- Source records -
·····

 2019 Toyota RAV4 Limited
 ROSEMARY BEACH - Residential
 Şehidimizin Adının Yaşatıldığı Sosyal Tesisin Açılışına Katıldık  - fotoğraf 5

·····

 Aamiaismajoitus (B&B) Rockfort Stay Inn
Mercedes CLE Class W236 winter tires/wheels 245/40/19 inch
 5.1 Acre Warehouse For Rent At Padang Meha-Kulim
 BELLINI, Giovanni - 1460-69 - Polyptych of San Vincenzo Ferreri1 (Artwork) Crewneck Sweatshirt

·····

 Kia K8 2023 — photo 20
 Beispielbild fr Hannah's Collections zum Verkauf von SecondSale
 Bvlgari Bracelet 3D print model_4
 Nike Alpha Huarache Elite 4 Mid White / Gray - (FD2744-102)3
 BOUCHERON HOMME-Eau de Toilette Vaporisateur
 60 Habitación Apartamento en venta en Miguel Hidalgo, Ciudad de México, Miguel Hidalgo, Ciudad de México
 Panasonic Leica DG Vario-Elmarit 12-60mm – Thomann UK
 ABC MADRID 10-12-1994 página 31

·····

- Problem requirements -
Would you print, exactly as written, every line above from the one holding "Nike Alpha Huarache" through the one holding "ABC MADRID 10-12-1994 página 31", with both included and no other lines?

- Answer box -
 Nike Alpha Huarache Elite 4 Mid White / Gray - (FD2744-102)3
 BOUCHERON HOMME-Eau de Toilette Vaporisateur
 60 Habitación Apartamento en venta en Miguel Hidalgo, Ciudad de México, Miguel Hidalgo, Ciudad de México
 Panasonic Leica DG Vario-Elmarit 12-60mm – Thomann UK
 ABC MADRID 10-12-1994 página 31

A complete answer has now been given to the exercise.